# A new old chainsaw



## kweinert (Jul 25, 2012)

Yes, I know this is very small but it will do for me for now for what I need it for.

A few years back when my ex-mother-in-law moved to Florida I inherited this chainsaw, a Stihl 015L. Sometime back before 1984 it was.

I don't know how long it had been before then that it had been used, but I know I've never fired it up.

Until tonight.

Picked up some 1:40 fuel mix, put it in, pulled the cord a few times - and it fired up. Surprised the hell out of me.

The chain is pretty loose so I'm not using it yet. Oh, and the off switch doesn't work. Putting the choke on will kill it, as will smothering it.

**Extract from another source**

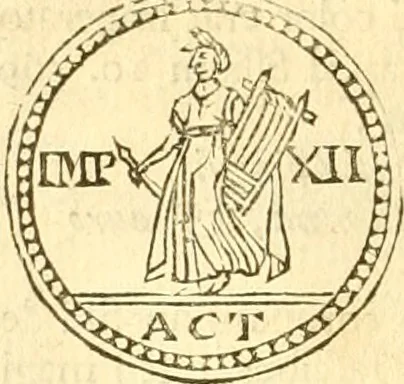 An illustration from C. Suetonius Tranquillus ex recensione Joannis Georgii Graevii ... : accedunt notae selectiores aliorum, 1708, leaf 159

So, aside from telling my little story I'm going to ask if anyone has a good place to get a manual for this. I'm still hitting up Google, just haven't had any luck yet. I did find that they can be found on feebay still, along with a bunch of parts.

Ken


----------



## woodtickgreg (Jul 25, 2012)

No clue on the manual, I would have to search for it just like you are, maybe try googling stihl chainsaw manuals. If you choke it to kill it you might want to pick up some extra spark plugs as they will foul by killing the engine that way. It wont hurt anything, just the plugs. Check the wire that goes from the switch to the coil also, sometimes they get disconnected or cut by the flywheel.


----------